# Your goal:
Each record is to be transcribed in full and exactly.

=== Record excerpts ===

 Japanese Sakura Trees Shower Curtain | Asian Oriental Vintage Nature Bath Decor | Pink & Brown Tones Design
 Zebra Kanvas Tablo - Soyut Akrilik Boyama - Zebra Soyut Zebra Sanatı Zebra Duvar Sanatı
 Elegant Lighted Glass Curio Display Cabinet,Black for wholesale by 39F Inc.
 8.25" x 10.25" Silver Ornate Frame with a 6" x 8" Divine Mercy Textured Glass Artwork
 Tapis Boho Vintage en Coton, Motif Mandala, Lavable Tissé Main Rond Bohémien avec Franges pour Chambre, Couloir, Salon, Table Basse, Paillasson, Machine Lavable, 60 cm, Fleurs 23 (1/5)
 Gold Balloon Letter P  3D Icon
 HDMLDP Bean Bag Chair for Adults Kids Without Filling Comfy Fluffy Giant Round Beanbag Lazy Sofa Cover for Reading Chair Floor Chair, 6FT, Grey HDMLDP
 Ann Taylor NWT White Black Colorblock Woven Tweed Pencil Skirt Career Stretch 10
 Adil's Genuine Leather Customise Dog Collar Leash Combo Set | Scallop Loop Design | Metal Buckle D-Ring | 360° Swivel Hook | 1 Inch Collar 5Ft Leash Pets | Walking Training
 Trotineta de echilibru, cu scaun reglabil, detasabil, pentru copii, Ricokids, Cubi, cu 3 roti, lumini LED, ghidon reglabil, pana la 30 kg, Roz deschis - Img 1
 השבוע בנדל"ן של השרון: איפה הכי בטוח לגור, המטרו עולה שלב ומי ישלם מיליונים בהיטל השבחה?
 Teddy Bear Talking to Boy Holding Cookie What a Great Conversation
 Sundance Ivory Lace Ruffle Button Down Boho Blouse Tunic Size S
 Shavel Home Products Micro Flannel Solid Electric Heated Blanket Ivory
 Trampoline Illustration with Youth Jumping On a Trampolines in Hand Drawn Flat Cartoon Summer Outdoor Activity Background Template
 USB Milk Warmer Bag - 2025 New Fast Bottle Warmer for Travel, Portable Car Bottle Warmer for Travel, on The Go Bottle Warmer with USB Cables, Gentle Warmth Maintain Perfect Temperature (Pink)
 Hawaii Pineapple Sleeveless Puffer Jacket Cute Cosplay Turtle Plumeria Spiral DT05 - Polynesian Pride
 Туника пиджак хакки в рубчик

===

# Output:
 Japanese Sakura Trees Shower Curtain | Asian Oriental Vintage Nature Bath Decor | Pink & Brown Tones Design
 Zebra Kanvas Tablo - Soyut Akrilik Boyama - Zebra Soyut Zebra Sanatı Zebra Duvar Sanatı
 Elegant Lighted Glass Curio Display Cabinet,Black for wholesale by 39F Inc.
 8.25" x 10.25" Silver Ornate Frame with a 6" x 8" Divine Mercy Textured Glass Artwork
 Tapis Boho Vintage en Coton, Motif Mandala, Lavable Tissé Main Rond Bohémien avec Franges pour Chambre, Couloir, Salon, Table Basse, Paillasson, Machine Lavable, 60 cm, Fleurs 23 (1/5)
 Gold Balloon Letter P  3D Icon
 HDMLDP Bean Bag Chair for Adults Kids Without Filling Comfy Fluffy Giant Round Beanbag Lazy Sofa Cover for Reading Chair Floor Chair, 6FT, Grey HDMLDP
 Ann Taylor NWT White Black Colorblock Woven Tweed Pencil Skirt Career Stretch 10
 Adil's Genuine Leather Customise Dog Collar Leash Combo Set | Scallop Loop Design | Metal Buckle D-Ring | 360° Swivel Hook | 1 Inch Collar 5Ft Leash Pets | Walking Training
 Trotineta de echilibru, cu scaun reglabil, detasabil, pentru copii, Ricokids, Cubi, cu 3 roti, lumini LED, ghidon reglabil, pana la 30 kg, Roz deschis - Img 1
 השבוע בנדל"ן של השרון: איפה הכי בטוח לגור, המטרו עולה שלב ומי ישלם מיליונים בהיטל השבחה?
 Teddy Bear Talking to Boy Holding Cookie What a Great Conversation
 Sundance Ivory Lace Ruffle Button Down Boho Blouse Tunic Size S
 Shavel Home Products Micro Flannel Solid Electric Heated Blanket Ivory
 Trampoline Illustration with Youth Jumping On a Trampolines in Hand Drawn Flat Cartoon Summer Outdoor Activity Background Template
 USB Milk Warmer Bag - 2025 New Fast Bottle Warmer for Travel, Portable Car Bottle Warmer for Travel, on The Go Bottle Warmer with USB Cables, Gentle Warmth Maintain Perfect Temperature (Pink)
 Hawaii Pineapple Sleeveless Puffer Jacket Cute Cosplay Turtle Plumeria Spiral DT05 - Polynesian Pride
 Туника пиджак хакки в рубчик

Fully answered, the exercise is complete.